Imagine a world where cars fly, sushi plates float in the air, fires are put out minutes after they start and bones never ache from the impact of walking and running.

These were all possibilities created by high school students from around the country in the sixth annual Innovative Design Competition Using High Temperature Superconductors for Magnetic Levitation.

The competition, hosted by the National Science Council (NSC) at Kaohsiung's National Science and Technology Museum, saw 36 teams from Taiwan showcasing their projects in the final on Sunday. A team from Japan's Waseda University Affiliated Honjo High School was also invited.

The teams had eight months to prepare their exhibits.

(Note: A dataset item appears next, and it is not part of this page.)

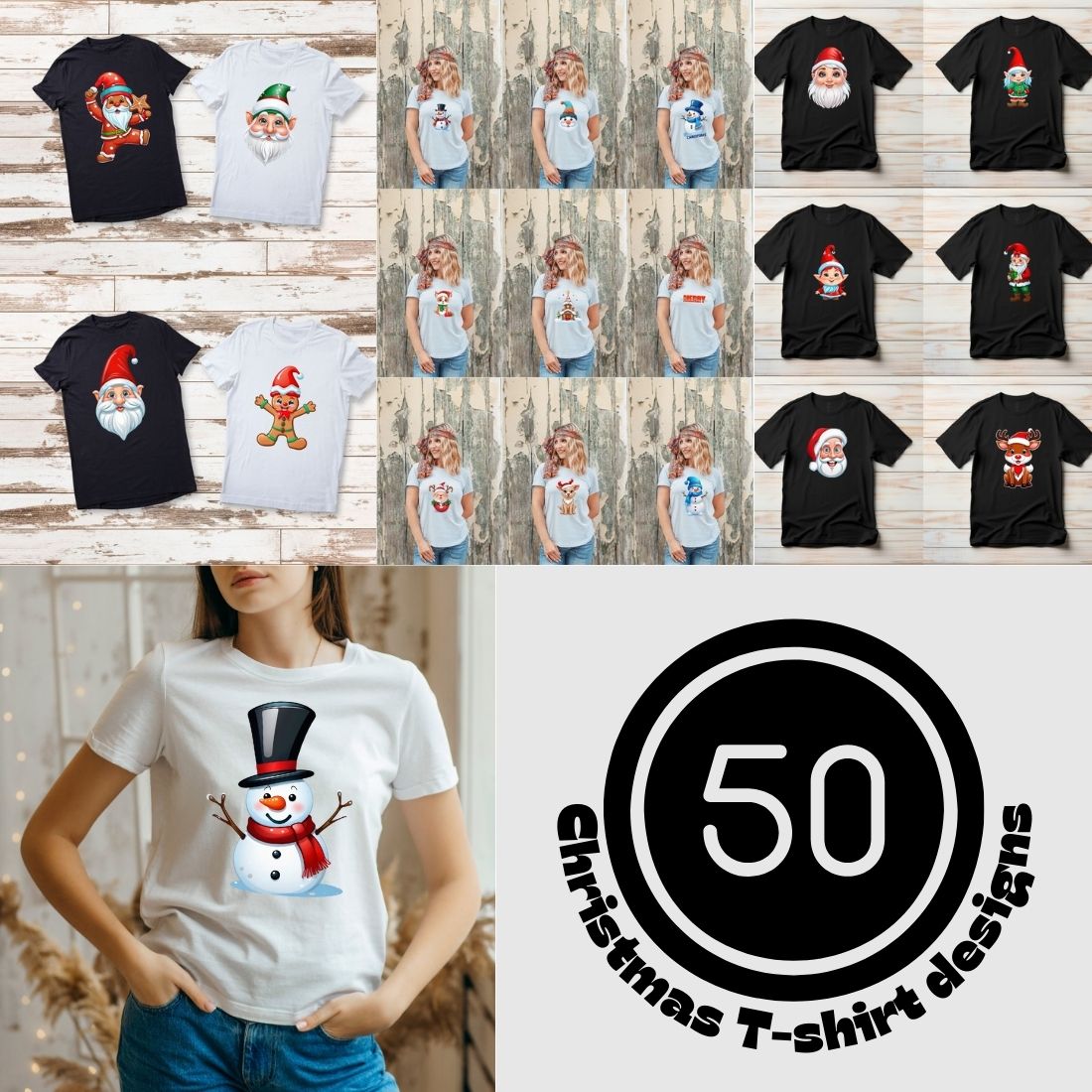 christmas t shirt designs 129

"Our vision was to encourage students to prepare for jobs that don't yet exist, to use technologies not yet invented and solve problems we don't yet know about," said In-Gann Chen (陳引幹), a material science and engineering professor at Cheng Kung University and the moderator of the competition.

He was quoting US high school administrator Karl Fisch, whose Internet video Did You Know has received worldwide attention.

"The competition was designed to foster an informal education setting where students could learn by doing," Chen said.

High temperature superconductor magnetic levitation (HTS maglev) was the cornerstone of the competition.

Maglev is a technology in which objects are suspended in the air using only magnetic fields. HTS maglev uses superconductors in subzero temperatures; "HTS" refers to the relatively high temperature required when using li-quid nitrogen instead of helium.

Traditionally helium was the refrigerant used in HTS maglev, but in 1988 Wu Maw-kuen (吳茂昆), director of the Institute of Physics at Academia Sinica, and his partner Paul Chu (朱經武) made HTS maglev commercialization feasible by replacing costly helium with the much cheaper liquid nitrogen, an innovation that won them the Comstock Prize.

"The competition allows students to think outside of the box," National Science Council Deputy Minister Yang Hung-duen (楊弘敦) said.

He praised Heping High School's HTS maglev car, which required only front wheels because the rest of the car floated. That entry won the Intel Think Tool prize.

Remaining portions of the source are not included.